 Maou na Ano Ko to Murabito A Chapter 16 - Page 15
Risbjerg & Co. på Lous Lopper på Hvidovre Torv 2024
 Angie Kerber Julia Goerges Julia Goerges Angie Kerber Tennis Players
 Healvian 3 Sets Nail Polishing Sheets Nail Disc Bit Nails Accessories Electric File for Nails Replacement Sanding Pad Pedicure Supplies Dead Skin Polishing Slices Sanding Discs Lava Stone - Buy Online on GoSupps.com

* * *

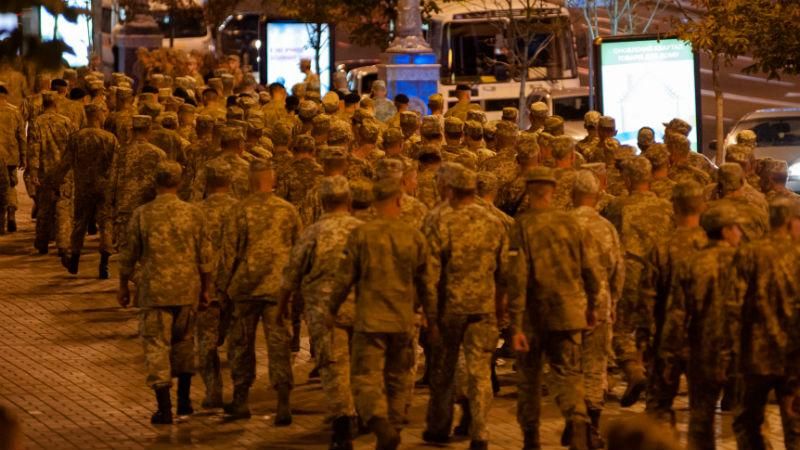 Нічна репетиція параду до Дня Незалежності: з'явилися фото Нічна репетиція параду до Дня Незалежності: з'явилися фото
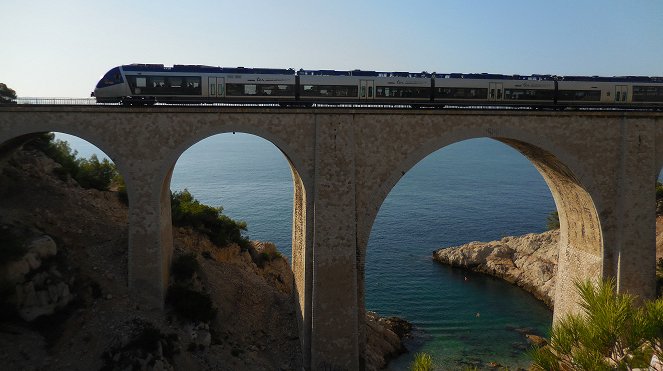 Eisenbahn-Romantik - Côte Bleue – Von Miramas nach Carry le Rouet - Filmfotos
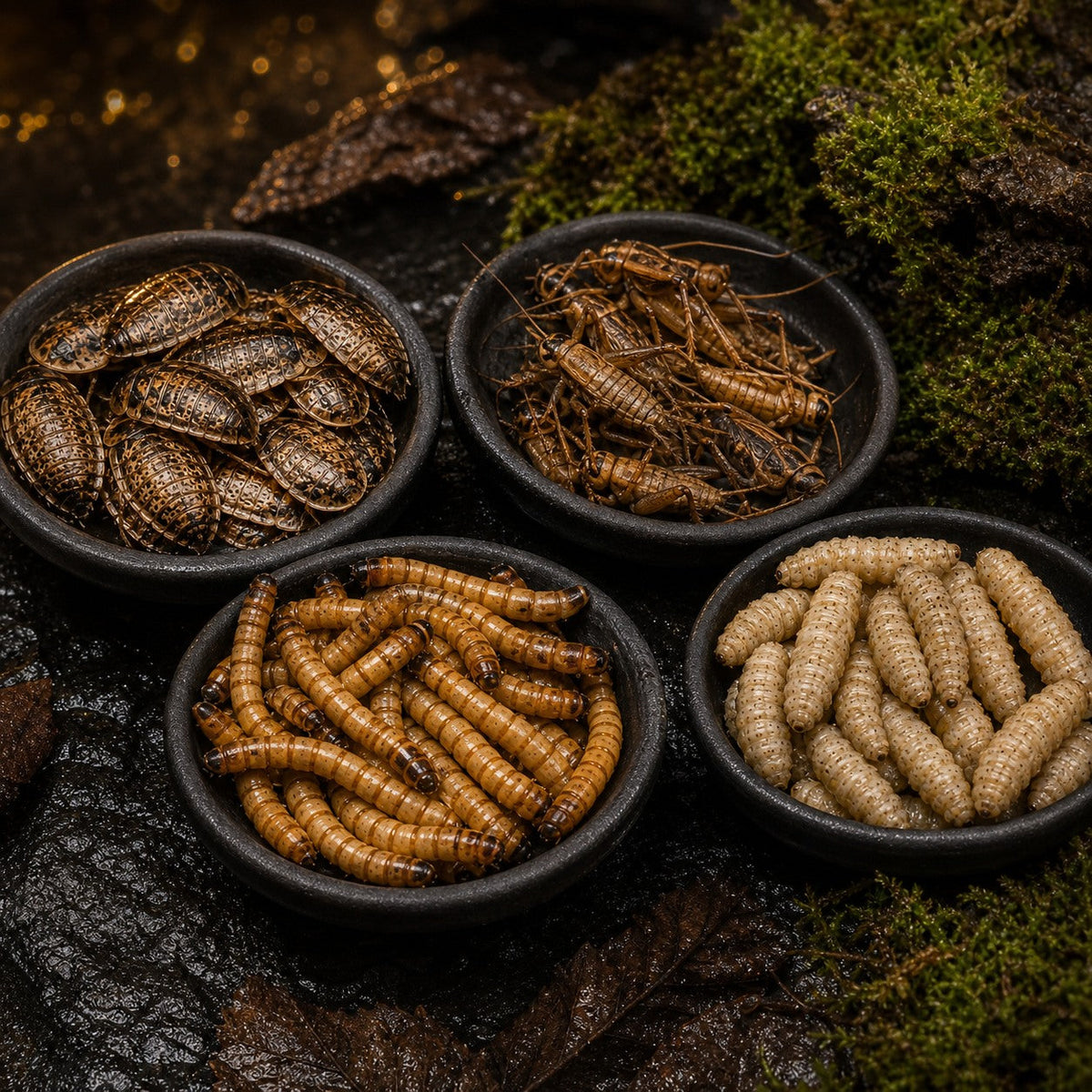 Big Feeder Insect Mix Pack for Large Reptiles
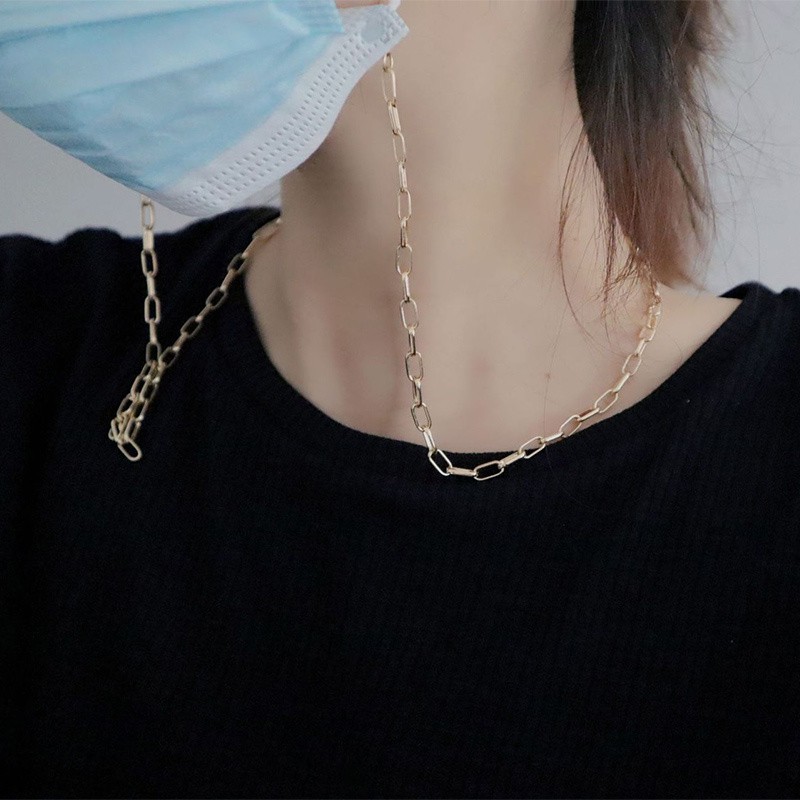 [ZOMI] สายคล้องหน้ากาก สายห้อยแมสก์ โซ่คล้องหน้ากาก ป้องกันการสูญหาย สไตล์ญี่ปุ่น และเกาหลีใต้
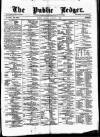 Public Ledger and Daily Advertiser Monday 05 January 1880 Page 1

--

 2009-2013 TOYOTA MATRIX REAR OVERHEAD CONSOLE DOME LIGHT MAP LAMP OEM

● **ASSIGNED TASK**
Print exactly the lines of the listing above starting at the line containing "Maou na Ano" and ending at the line containing "Healvian 3 Sets", both included.

● **THE ANSWER**
 Maou na Ano Ko to Murabito A Chapter 16 - Page 15
Risbjerg & Co. på Lous Lopper på Hvidovre Torv 2024
 Angie Kerber Julia Goerges Julia Goerges Angie Kerber Tennis Players
 Healvian 3 Sets Nail Polishing Sheets Nail Disc Bit Nails Accessories Electric File for Nails Replacement Sanding Pad Pedicure Supplies Dead Skin Polishing Slices Sanding Discs Lava Stone - Buy Online on GoSupps.com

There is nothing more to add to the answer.